L'apport de l'intelligence artificielle
« Nous avons examiné ces échantillons sous un microscope particulier, en appliquant une technique innovante appelée imagerie à super-résolution, combinée à une analyse informatique avancée », explique Ofir Sade. « Cela nous a permis de cartographier les agrégats et la distribution des molécules d'alpha-synucléine. Comme prévu, nous avons trouvé plus d'agrégats de protéines chez les personnes atteintes de la maladie de Parkinson que chez les personnes non atteintes de la maladie. Nous avons également identifié des lésions des cellules nerveuses de la peau, dans des zones où la protéine pathologique est fortement concentrée ».

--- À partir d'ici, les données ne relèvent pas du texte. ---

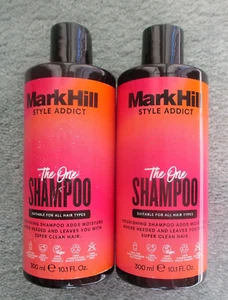 2 X MARK HILL STYLE ADDICT THE ONE SHAMPOO ALL HAIR TYPES VEGAN 300ML BRAND NEW - Picture 1 of 2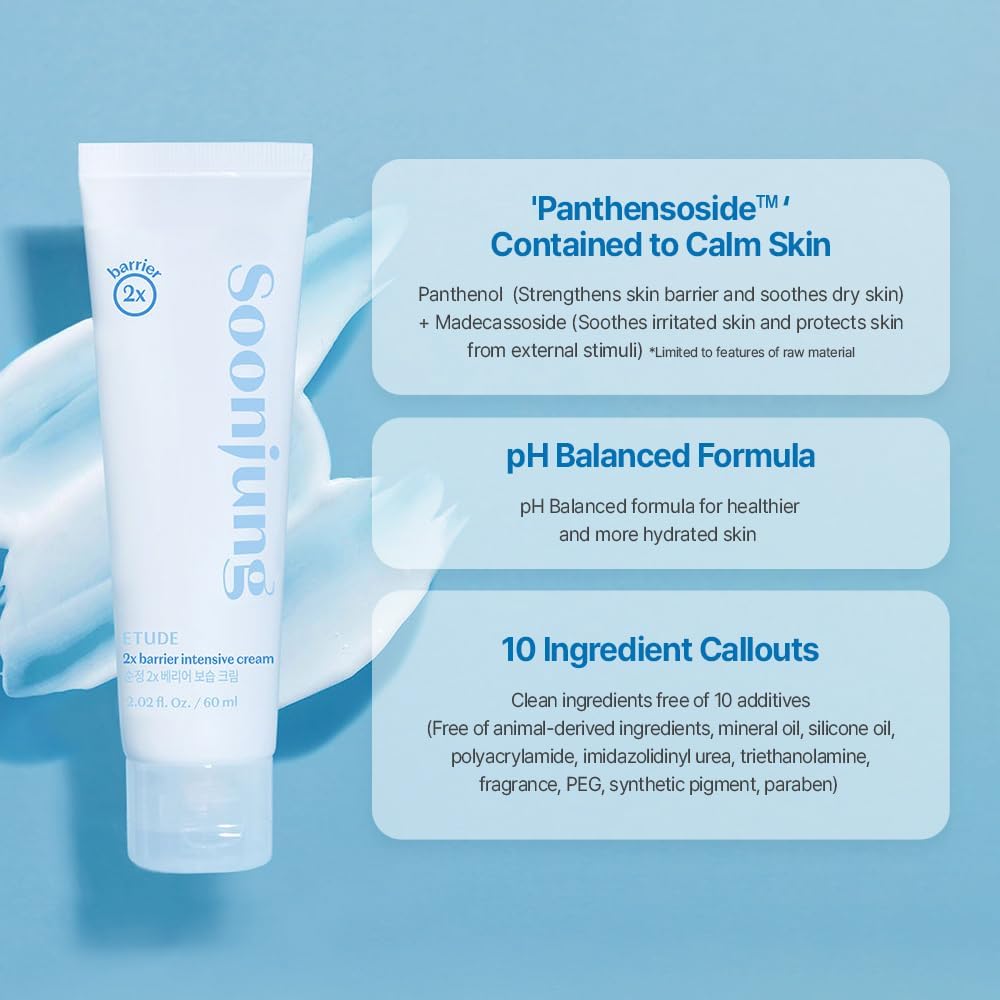 ETUDE applying cream to hand to show barrier-supporting hydration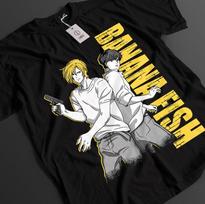 Banana Fish Shirt Ash Lynx Tshirt Eiji Okumura T-Shirt Wong Top Card Anime Tee S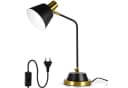 BlingBin Schreibtischlampe Retro Tischlampe Metall Schwarz Bild 2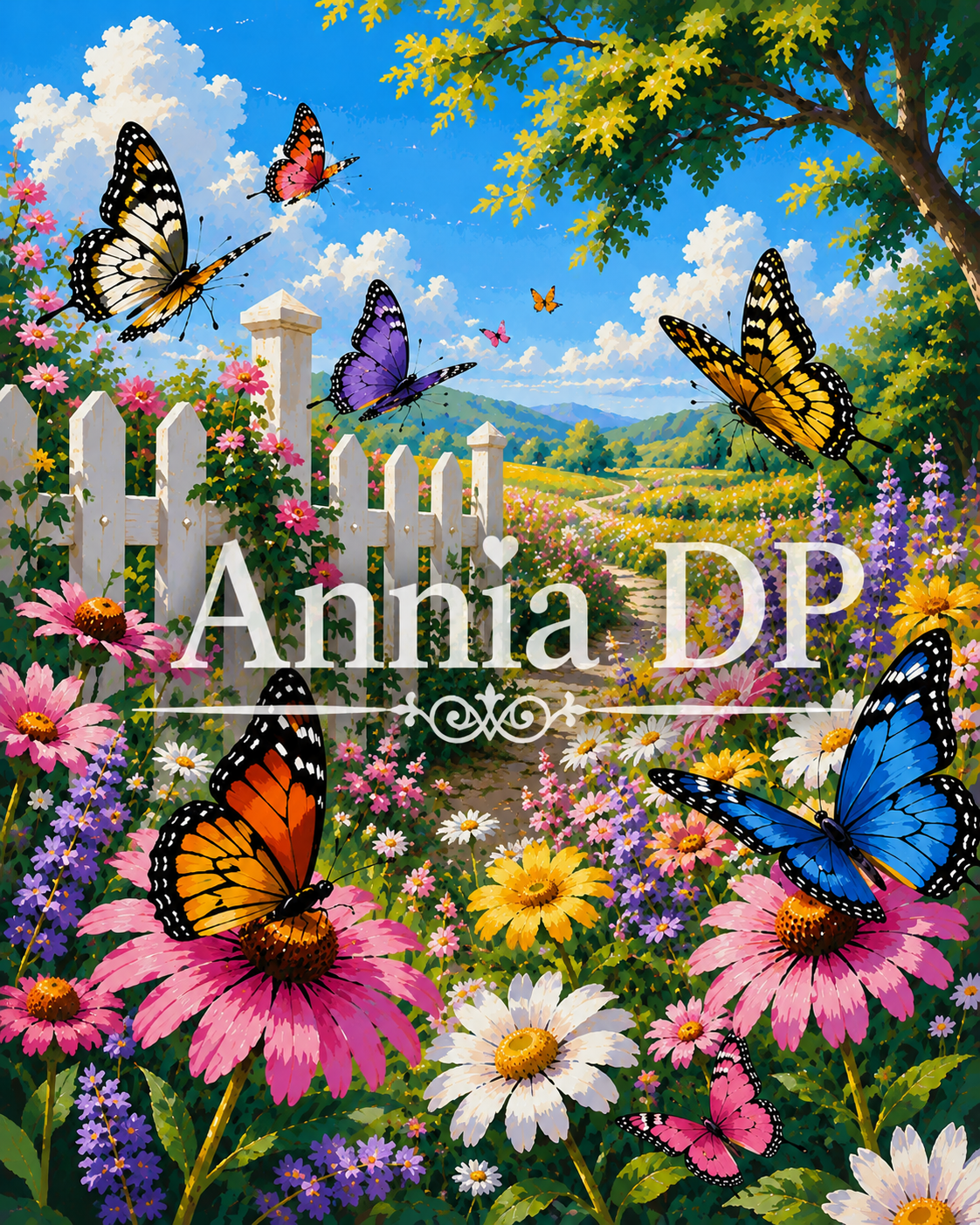 Peinture au numéro Le Jardin des Papillons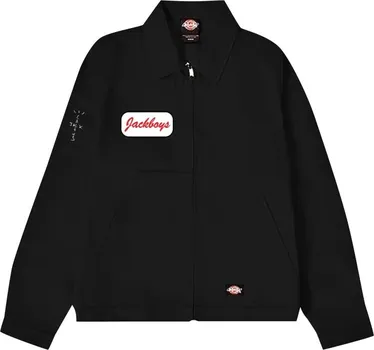 Куртка Cactus Jack by Travis Scott x Dickies JACKBOYS Work Jacket 'Black', черный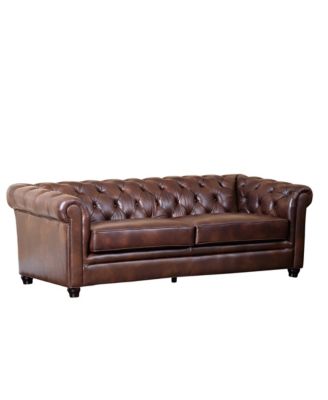 Abbyson Living - Zoe 86" Leather Sofa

Forts de cette réalisation expérimentale préliminaire (« preuve de concept »), les chercheurs prévoient désormais d'étendre leurs travaux, soutenus par la Fondation Michael J. Fox pour la recherche sur la maladie de Parkinson. Dans la prochaine phase, ils augmenteront le nombre d'échantillons à 90, 45 provenant de sujets sains et 45 de personnes atteintes de la maladie, pour identifier les différences entre les deux groupes. « Nous souhaitons déterminer le point exact où une quantité normale de protéines se transforme en un agrégat pathologique », précise Ofir Sade. « De plus, nous collaborerons avec le Prof. Lior Wolf de l'École d'informatique de l'Université de Tel-Aviv, pour développer un algorithme d'apprentissage automatique qui identifiera les corrélations entre les résultats des tests moteurs et cognitifs et nos observations au microscope. Grâce à cet algorithme, nous serons en mesure de prévoir l'évolution future et la gravité de diverses pathologies ». « Dans cette étude, nous avons identifié des différences entre les tissus prélevés sur des personnes atteintes de la maladie de Parkinson et des personnes non atteintes, en utilisant la microscopie à super-résolution et l'analyse informatique », résume le Prof. Ashery. « Dans les études ultérieures, nous augmenterons le nombre d'échantillons et développerons un algorithme d'apprentissage automatique pour repérer les individus relativement jeunes présentant des risques de développer la maladie. Notre principale population cible est constituée des proches de patients atteints de la maladie de Parkinson porteurs de mutations qui augmentent le risque de contracter la maladie. Plus précisément, nous mettons l'accent sur deux mutations connues pour être répandues chez les Juifs ashkénazes. Un essai clinique est déjà en cours pour tester un médicament qui devrait entraver la formation des agrégats qui causent la maladie de Parkinson. Nous espérons que dans les années à venir, il sera possible de proposer des traitements préventifs en suivant les effets des médicaments au microscope. Il est important de noter que la méthode que nous avons développée peut également être adaptée au diagnostic précoce d'autres maladies neurodégénératives associées à des agrégats de protéines dans les neurones, notamment la maladie d'Alzheimer ».